Owens was the first Black state senator to serve in Massachusetts. Bunte was elected state representative in 1972, at the same time as Ed Markey.
Watch Senator Bill Owen’s video here.
Watch Representative Doris Bunte’s video here.
In both videos, the former legislators reflect on their time as freshmen lawmakers in the early 1970s serving alongside Ed Markey in the state legislature. The Black community in Boston was gerrymandered into five separate state senate districts, so Black representatives and white allies filed an amendment to create a new state senate district of majority Black communities. Despite pressure from state house leadership to vote against the amendment, then-Representative Markey joined to vote with the Black Caucus to create a majority-Black senate district where a Black legislator could be elected to the state senate and subsequently to sustain the veto of Republican Governor Frank Sargent.
“Ed decided that it was more important to do the right thing, and the right thing was to vote to give a Black person to run for the state senate and possibly win,” Owens added. “I thank each of you for going out to vote, for making sure that Ed can get in again, to make sure that a person who decides to do the right thing will be rewarded.”
“I’m happy to be supporting Ed, and I won’t ever forget that vote that he cast. It’s made us good friends,” said Bunte.

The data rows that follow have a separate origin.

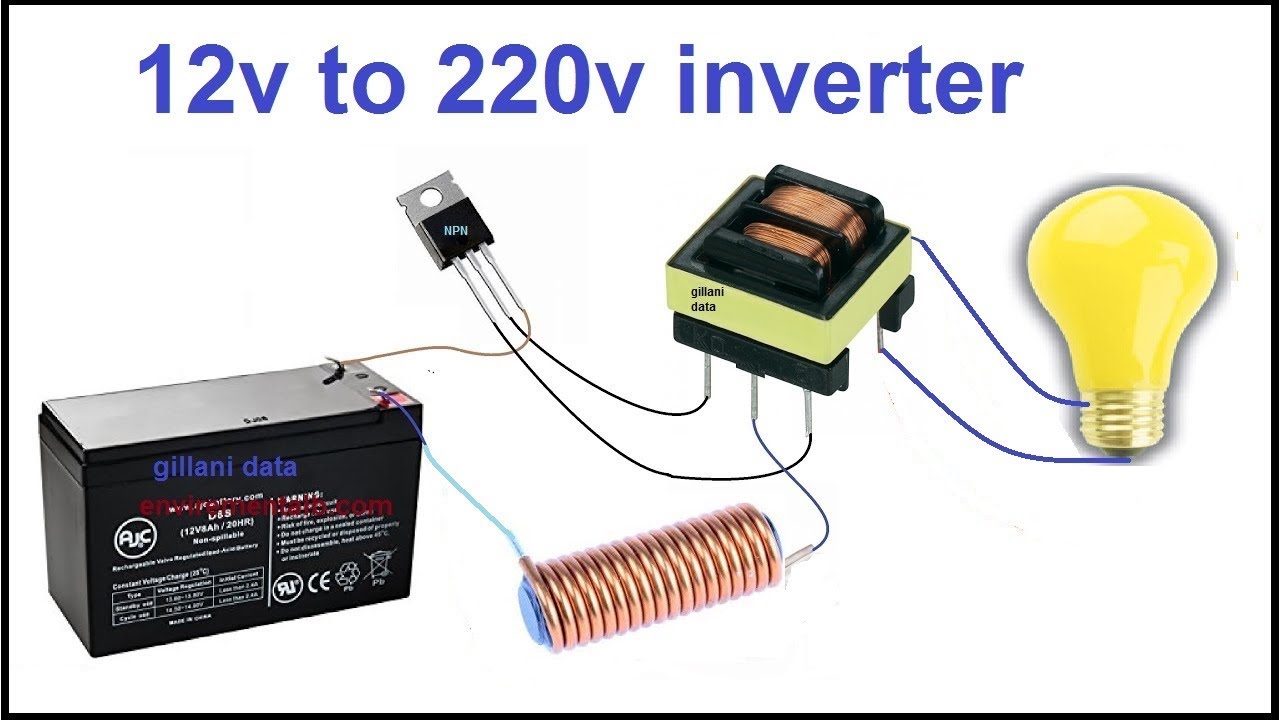 12v to 220v inverter LED bulb inverter YouTube
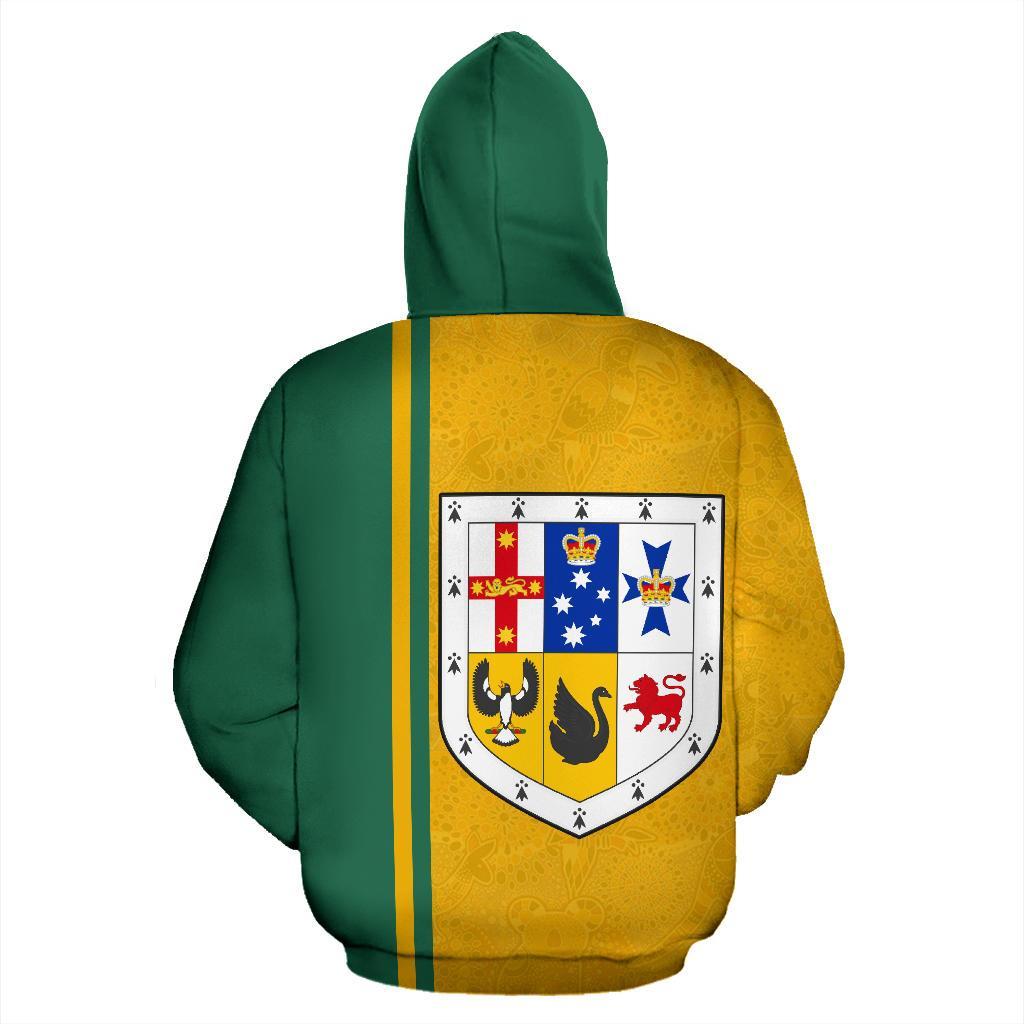 Zip Hoodie - Australian Coat Of Arms Hoodie Straight Version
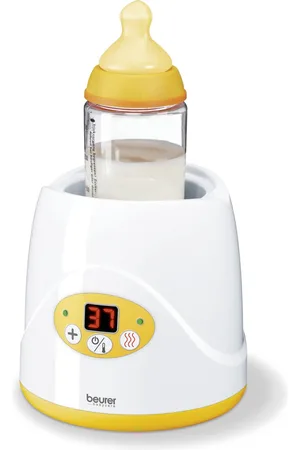 Beurer BY 52 Fles- en babyvoedingsverwarmer – Verwarmen en warm houden – Digitale temp weergave – LED display – Geschikt voor gangbare potjes/flesjes – Indicatielamp – Automatische uitschakeling - Deksel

“It is truly an honor to have the endorsements of my friends and former legislative partners Senator Bill Owens and Representative Doris Bunte,” said Senator Ed Markey. “They showed me the importance of taking on the tough fights and of doing the right thing even when it’s unpopular with the bosses. The fights that Bill and Doris waged in the State House in the 1970s have laid a path for generations of Black leaders and have moved our Commonwealth and country toward progress. I am grateful to have their support for my re-election.”
In 1969, Doris was nominated to the Boston Housing Authority Board, making her the first public housing tenant to serve on the board. In 1973, she was elected to the Massachusetts House of Representatives, becoming the first Black woman to serve in the Massachusetts legislature. While in office, Doris founded the Massachusetts Legislative Black Caucus and the Massachusetts Caucus of Women Legislators. After spending 12 years as a representative, Doris left to become the director of the Boston Housing Authority, where she moved forward public housing integration.
Bill Owens served as Massachusetts’ first Black state senator. He served in the Massachusetts House of Representatives in 1973 and 1974, and in the State Senate from 1975-1982 and from 1989 -1992. In 1989, Senator Owens introduced legislation in the Senate to provide reparations by the Commonwealth of Massachusetts and was a fierce advocate against housing discrimination.
Ed Markey has served in the United States Senate since winning the special election in 2013 and has amassed a deep record on environmental, racial justice, gun safety, and consumer protection issues. He founded the Congressional Alzheimer’s Task Force and authored the National Alzheimer’s Project Act, which mandates that the federal government put in place a plan to address Alzheimer’s disease by 2025. Raised in Malden, Ed Markey has always stood up for the priorities of Massachusetts.